*Exercise aim:* Pictures appear among the records below and must be omitted. Repeat exactly the lines from the line with "Light Duty Box" to the line with "Porsche Cayenne 4.8", both included.

*Input for this task:*

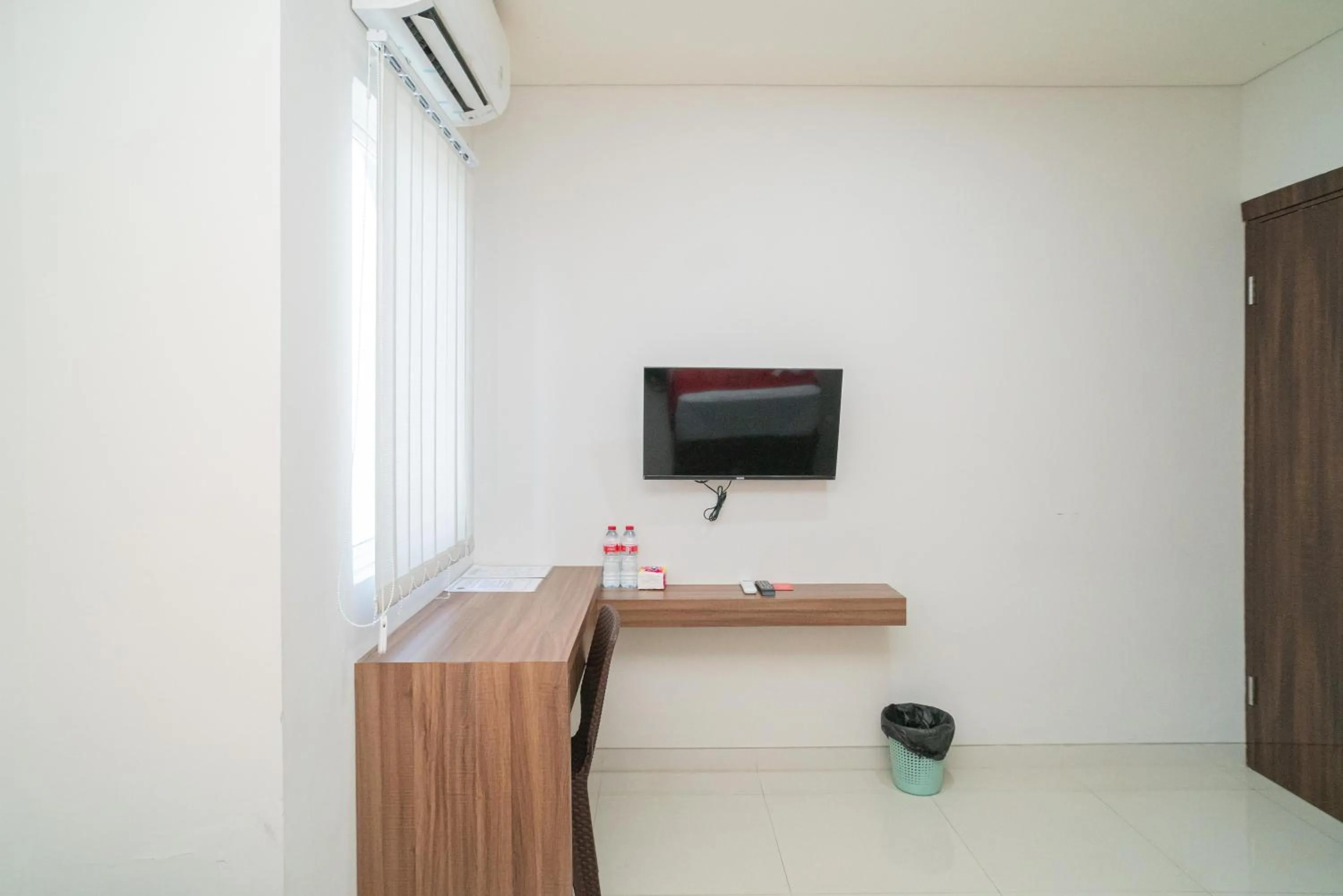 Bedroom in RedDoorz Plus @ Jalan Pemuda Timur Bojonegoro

...

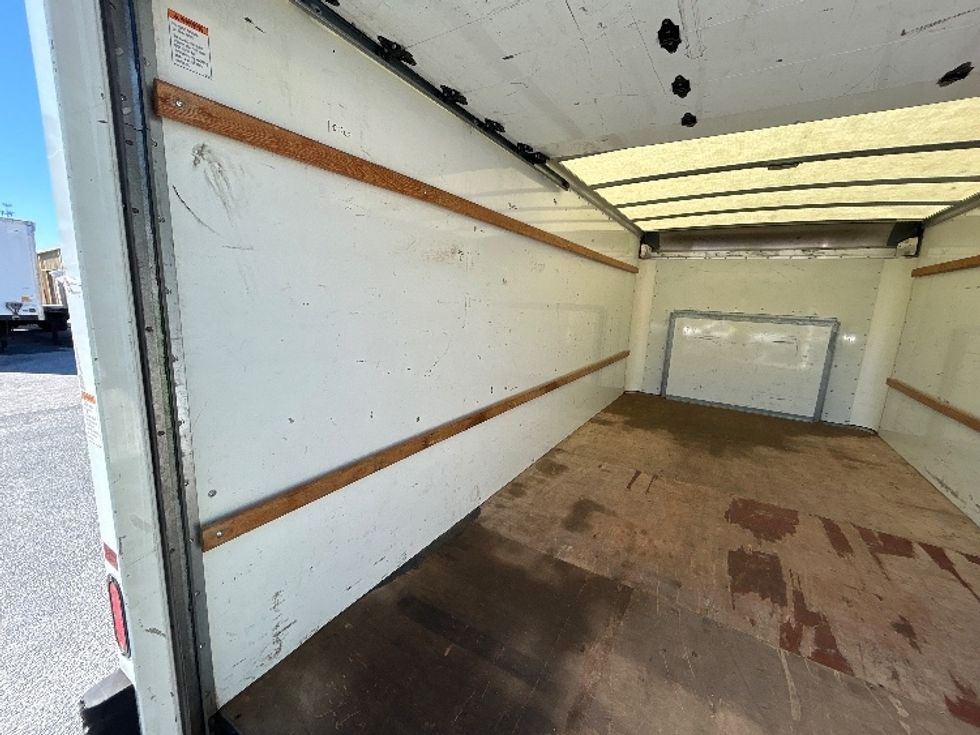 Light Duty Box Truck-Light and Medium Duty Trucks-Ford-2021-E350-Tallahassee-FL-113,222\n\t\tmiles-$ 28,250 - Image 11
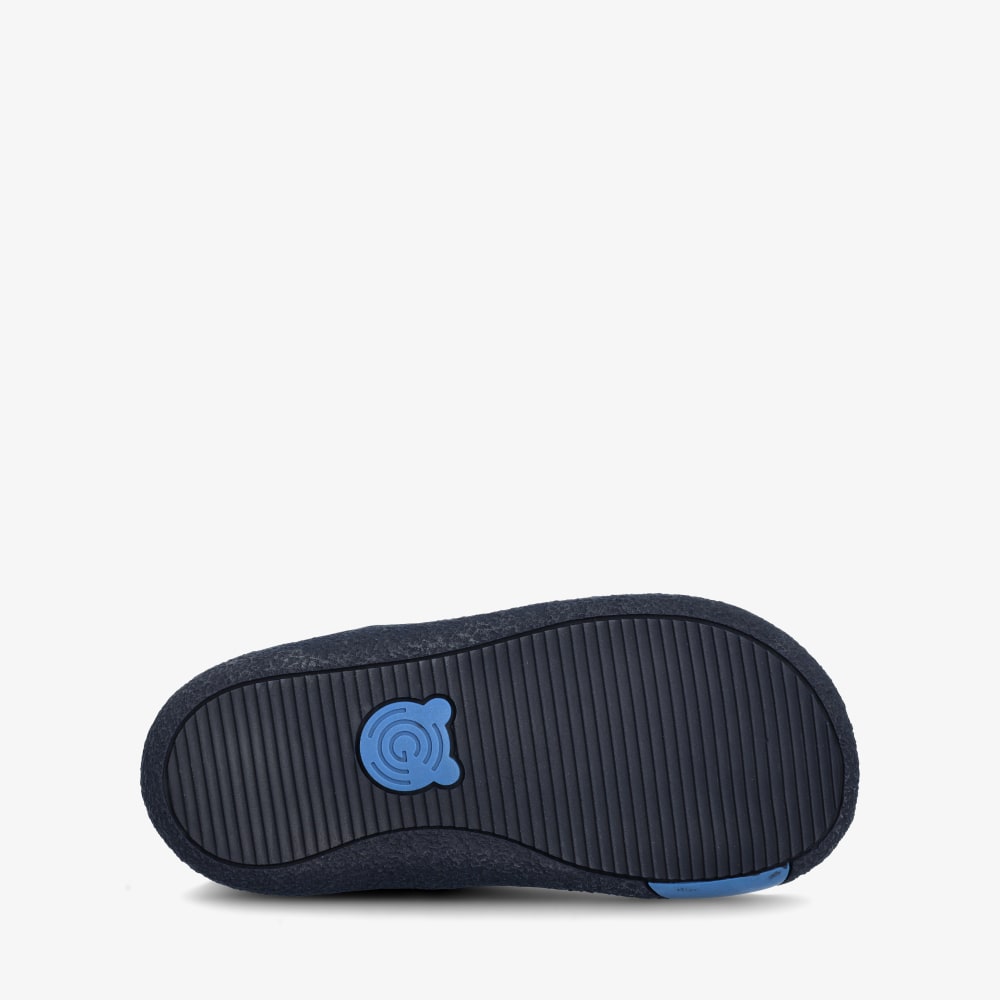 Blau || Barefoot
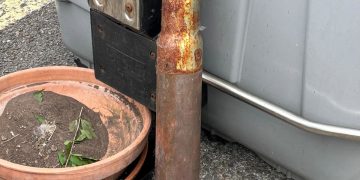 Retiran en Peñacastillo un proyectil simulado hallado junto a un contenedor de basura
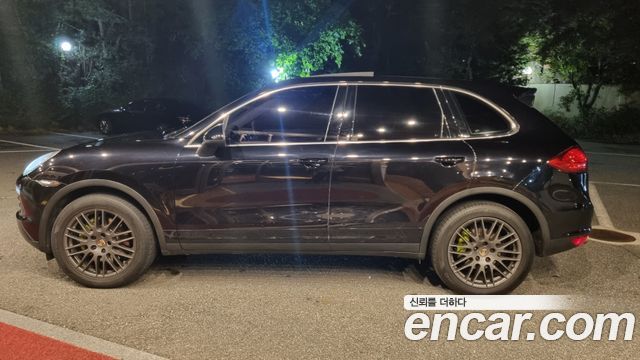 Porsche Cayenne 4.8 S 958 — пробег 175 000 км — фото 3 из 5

* * *

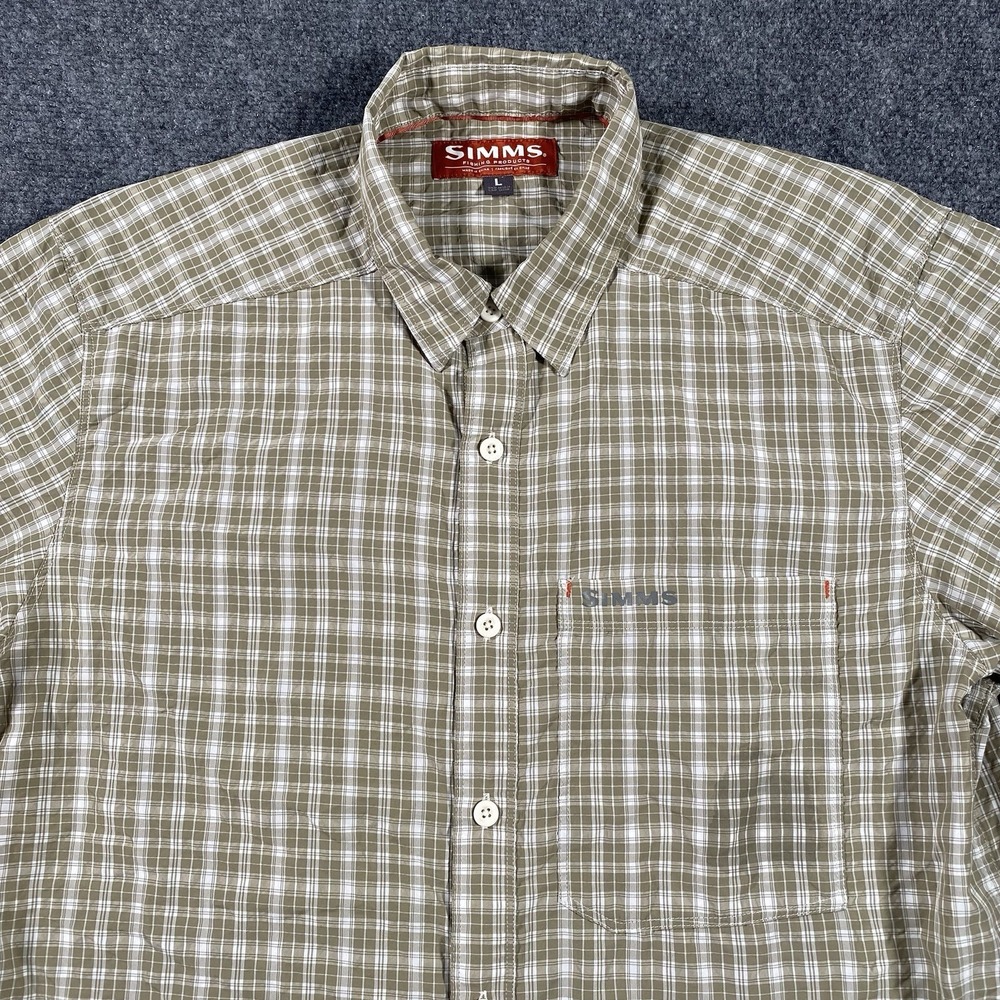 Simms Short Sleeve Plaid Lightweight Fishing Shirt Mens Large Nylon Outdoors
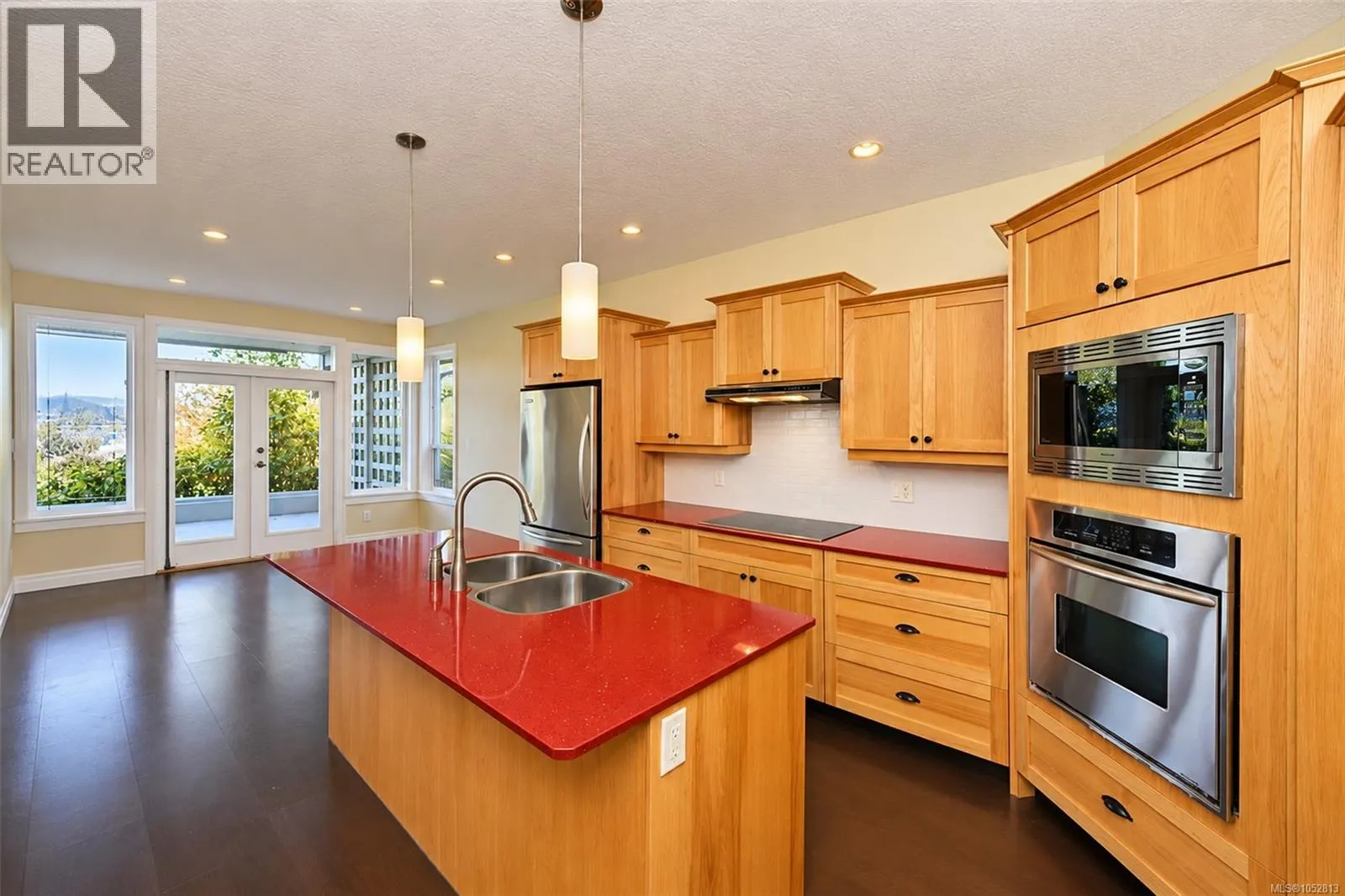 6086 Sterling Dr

*Output for this exercise:*
 Light Duty Box Truck-Light and Medium Duty Trucks-Ford-2021-E350-Tallahassee-FL-113,222\n\t\tmiles-$ 28,250 - Image 11
 Blau || Barefoot
 Retiran en Peñacastillo un proyectil simulado hallado junto a un contenedor de basura
 Porsche Cayenne 4.8 S 958 — пробег 175 000 км — фото 3 из 5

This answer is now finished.